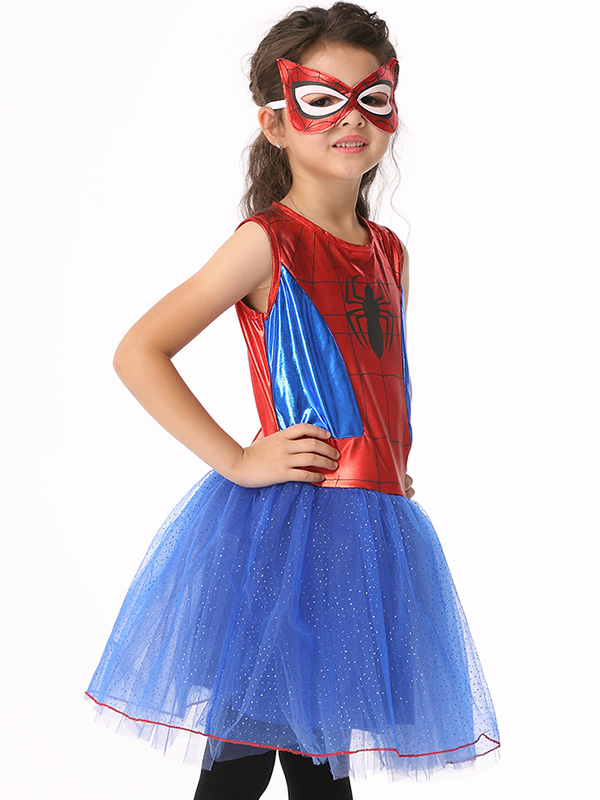 Spider Girl Kids Halloween Costume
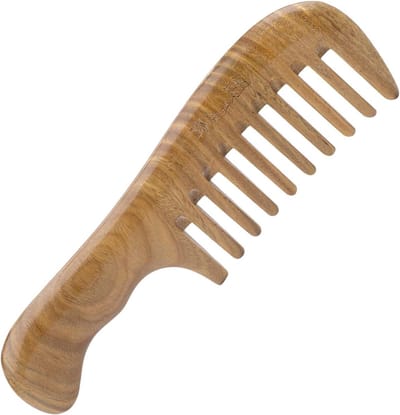 Houten Haarkam - Natuurlijke Kam - Haar Ontwarren - Geen Statisch - 18 cm - Houtkleur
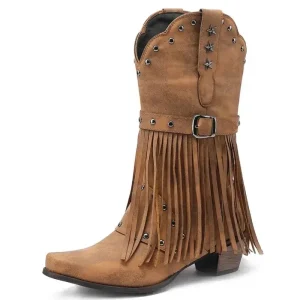 Bottes Country à Franges pour Femme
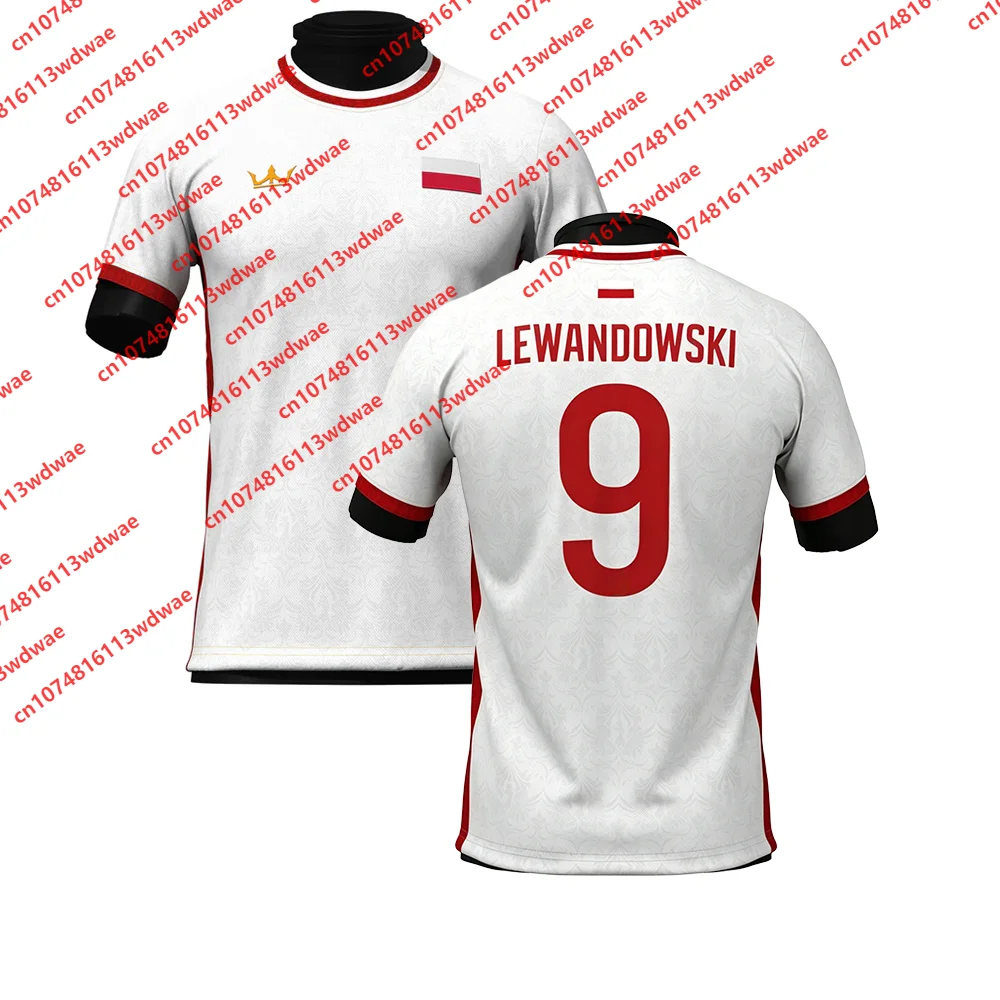Poland Style clothing Football Jersey Quick-Dry Lewandowski 9 Jersey Outdoor football Jersey KIWIOR 14 Special Edition Kid Tee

▶ _WORK TO BE COMPLETED_: What the answer must hold is the exact text of every line from the one containing "Bottes Country à Franges pour Femme" through the end of the data, minus any pictures.

▶ _SOLVED EXERCISE_:
 Bottes Country à Franges pour Femme
Poland Style clothing Football Jersey Quick-Dry Lewandowski 9 Jersey Outdoor football Jersey KIWIOR 14 Special Edition Kid Tee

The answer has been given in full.